Please copy exactly the lines from the one containing "Shoeby Eksept coat" to the end of the entries, both included, and nothing else. Omit every picture.
___ Data to use ___
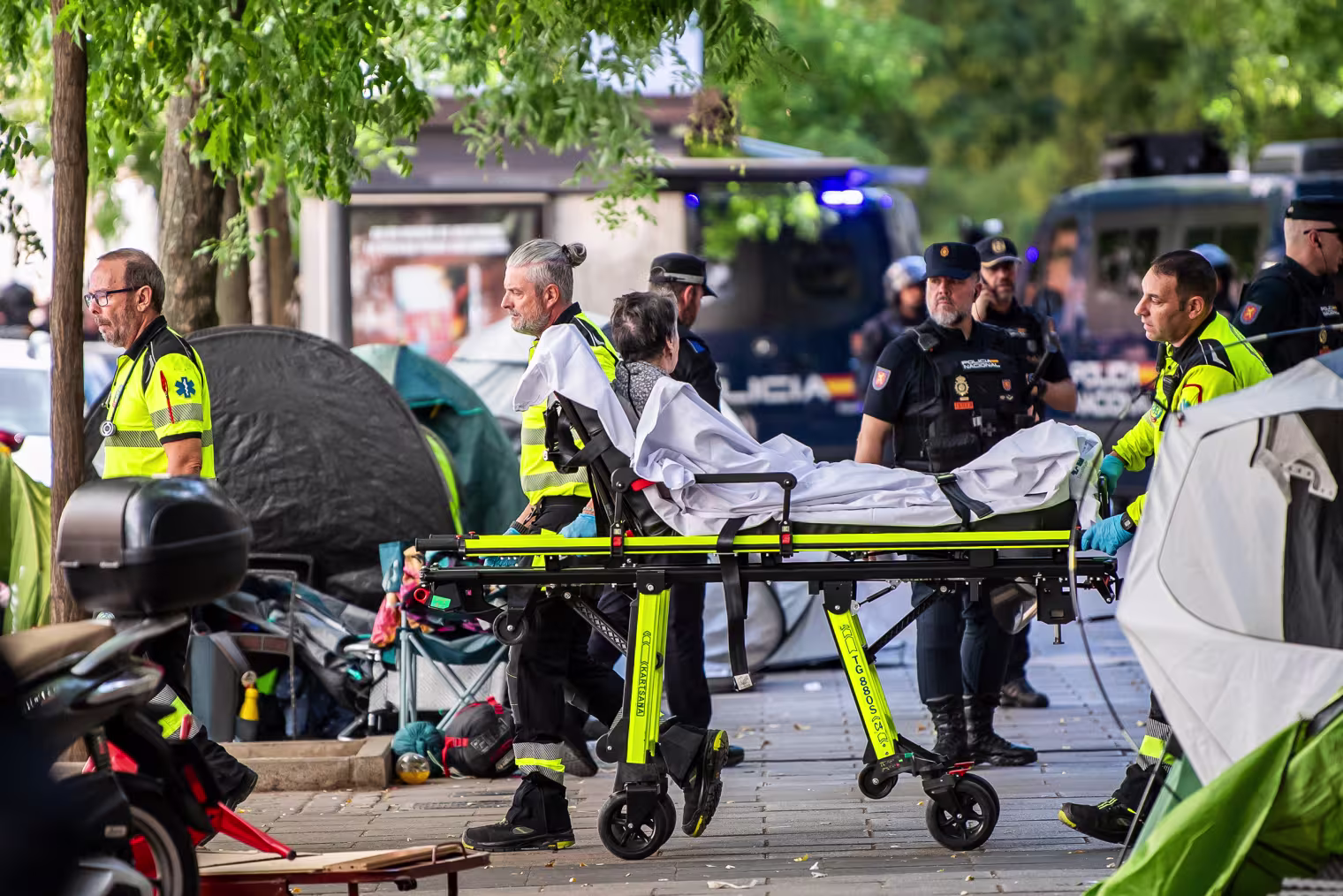 Disabled Woman Due To Be Evicted From Madrid Appartment After 70 years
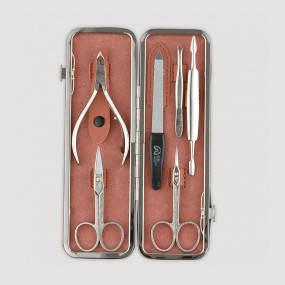 Набор маникюрный в футляре, 6 предметов, GD, Германия, GD (Германия)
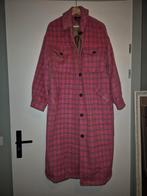 Shoeby Eksept coat Lexie roze/bruin L, Ophalen, Zo goed als nieuw, Bruin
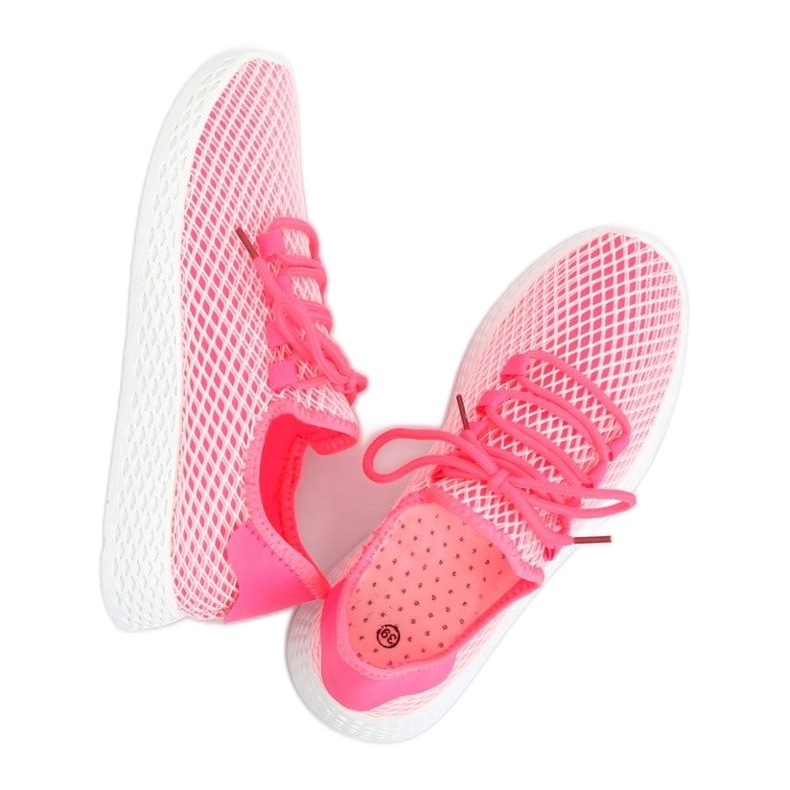 Chaussures de sport Rose NB283P-ST Pêche Rouge 1 Chaussures de sport Rose NB283P-ST Pêche Rouge 1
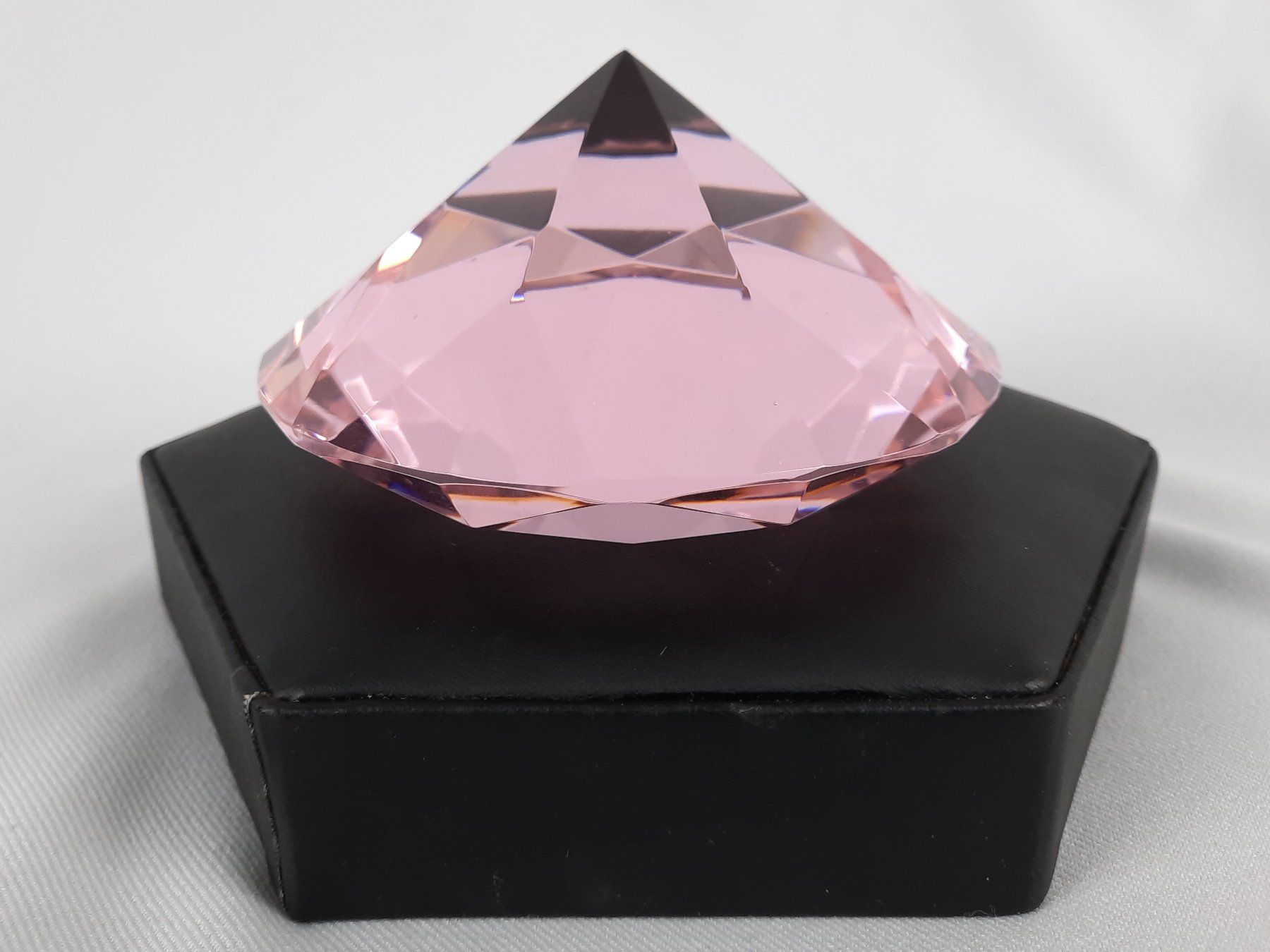 Verres: 3 Rosé Glaskristalle – D'occasion à Beinwil am See par Restwert_Beinwil 5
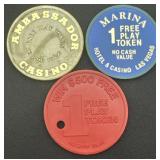 Las Vegas Free Play Tokens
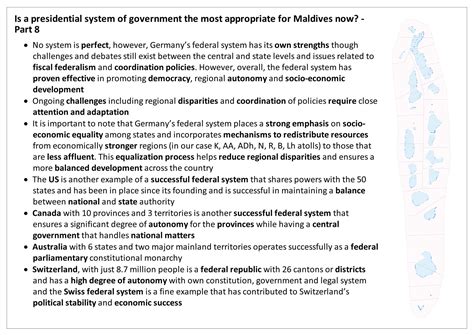 Mohamed Imad On Twitter Maldives Map Governance Constitutional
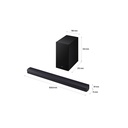 Samsung HW-B450F Dolby Audio 2.1 Soundbar með Bluetooth - image 10 [72fd23e4c5]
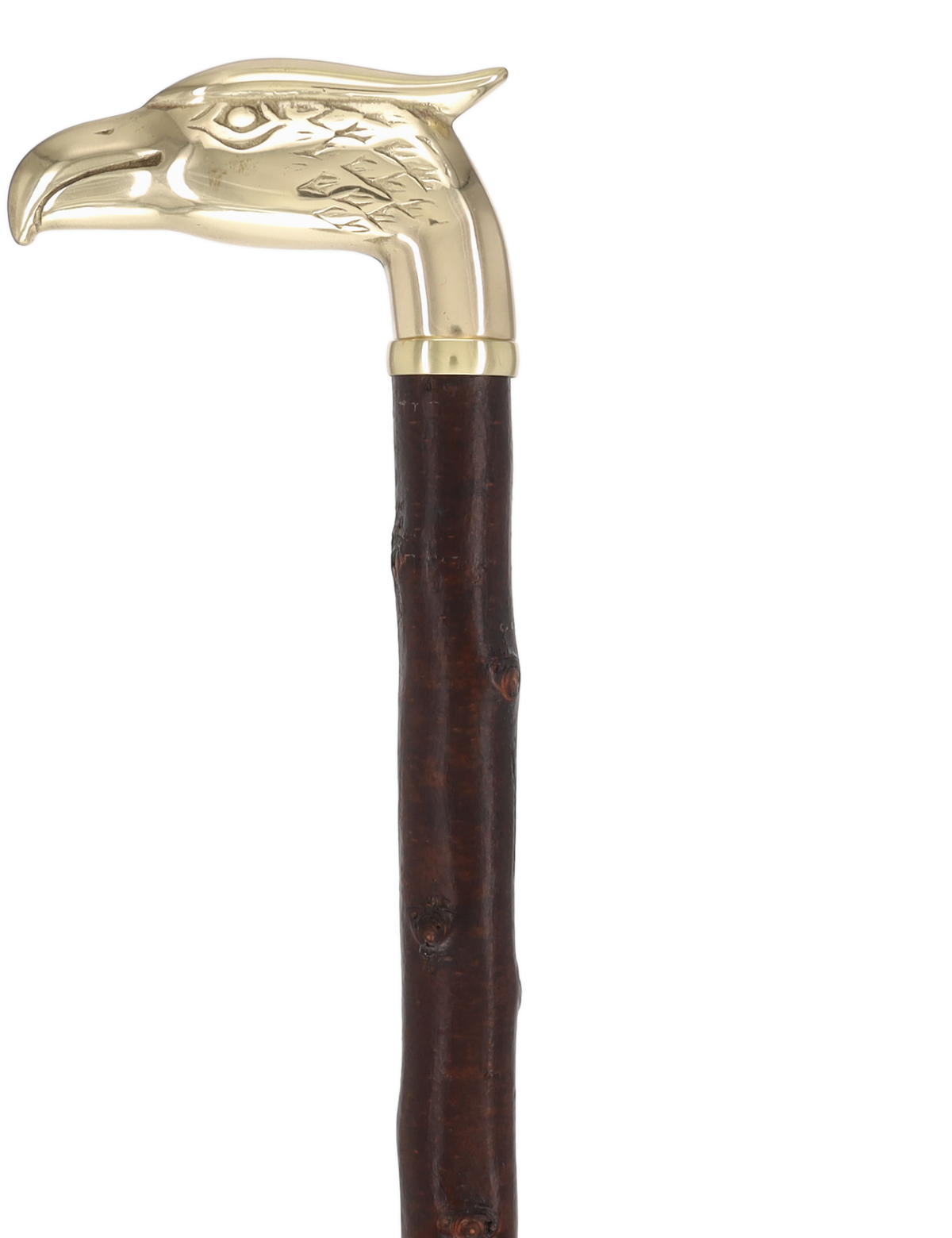 Rare Irish Blackthorn Collector's Cane | Customizable Handle Options Irish Blackthorn Canes - Tophatter Daily Deals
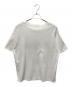 CELINE (セリーヌ) ゴシックロゴプリントTシャツ ホワイト サイズ:S：40000円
___
Written response:
 Shoeby Eksept coat Lexie roze/bruin L, Ophalen, Zo goed als nieuw, Bruin
 Chaussures de sport Rose NB283P-ST Pêche Rouge 1 Chaussures de sport Rose NB283P-ST Pêche Rouge 1
 Verres: 3 Rosé Glaskristalle – D'occasion à Beinwil am See par Restwert_Beinwil 5
 Las Vegas Free Play Tokens
 Mohamed Imad On Twitter Maldives Map Governance Constitutional
 Samsung HW-B450F Dolby Audio 2.1 Soundbar með Bluetooth - image 10 [72fd23e4c5]
 Rare Irish Blackthorn Collector's Cane | Customizable Handle Options Irish Blackthorn Canes - Tophatter Daily Deals
 CELINE (セリーヌ) ゴシックロゴプリントTシャツ ホワイト サイズ:S：40000円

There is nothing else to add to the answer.